Virtue Signaling With Investment Capital

A new study indicates that the recent rush into ESG investment vehicles may do more to gain investors’ approval as a virtue posturers than to increase their net worth. It shows that ESG funds tend to underperform in comparison with other investment funds run by the same managers, yet they are able to charge higher fees for their ESG products. If investors are not paying more for less in order to pass muster on the political correctness front, then for what ? In addition, the study shows that ESG mutual funds tend to invest in firms whose track records in regards to compliance with labor and environmental laws are actually worse than the norm. The companies were worse both in terms of their nominal output of carbon emissions, as well their emissions intensity (the amount of carbon emitted in order to generate a dollar of revenue). The new influx of capital into them from ESG funds appears to be providing no perceptible impetus for them to clean up their processes nor to improve compliance.

The paper by Aneesh Raghunandan of the London School of Economics and Shivaram Rajgopal of Columbia Business School also indicates that the companies that ESG funds invest into seem to politically align themselves to a greater degree than what is typical. They spend more on lobbying politicians and more regularly receive richer government subsidies. Little wonder they also service the same green agenda that governments are charging hard at while eroding value – albeit much less destructively. BlackRock raised around $1.25 billion for its U.S. Carbon Transition Readiness ETF this month. But since its top 5 holdings are Apple, Microsoft Corp, Amazon, Alphabet, and Facebook, a return series very similar to it can be gained at lower cost simply by buying either the Nasdaq, a tech ETF, or those 5 stocks.

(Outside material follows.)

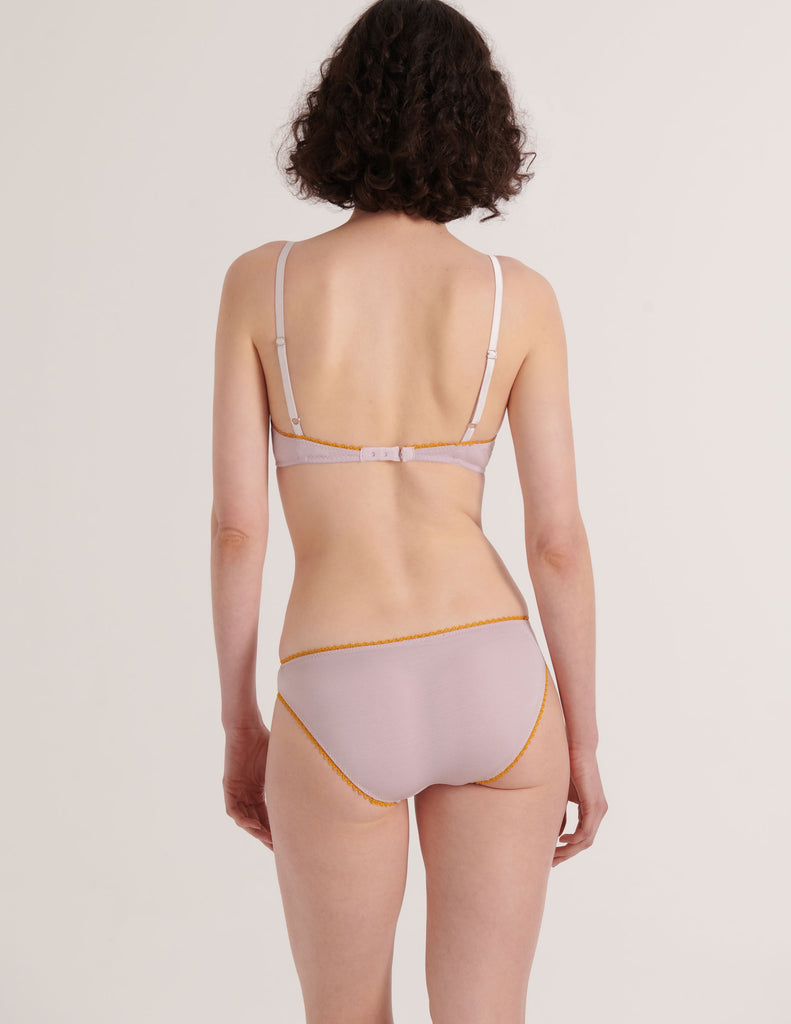 a model in the araks organic cotton antonia bralette and isabella panty in fairy lavender from the back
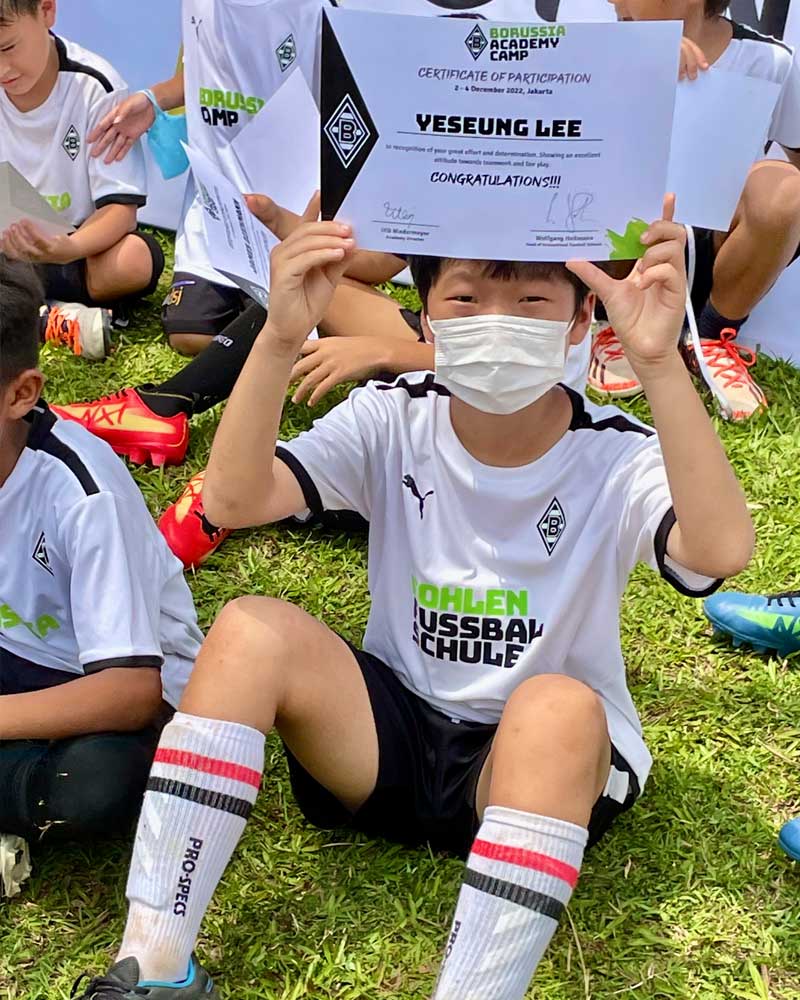 Boy in a soccer uniform holding a certificate while sitting on the grass during a sports event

Altogether, U.S. exchange-traded ESG portfolios accepted $14.8 billion in new money in 2021 Q1 according to ETFGI, a research firm in London, and have taken-in over half their present asset level of $82.6 billion since the start of 2020, so the inflow momentum has built substantially. How durable the trend will remain likely depends on factors unrelated to pure performance and thus beyond the scope of the paper. Factors such as the variety of ways government may make it easier for firms to operate as long as they continue pursuing their ESG policies regardless of how facile and specious they may be, nor how ineffective they are at making environmental impacts that would help to save humankind from the climate doom that for over two decades has somehow always managed to persist in looming just 8-15 years out into our future.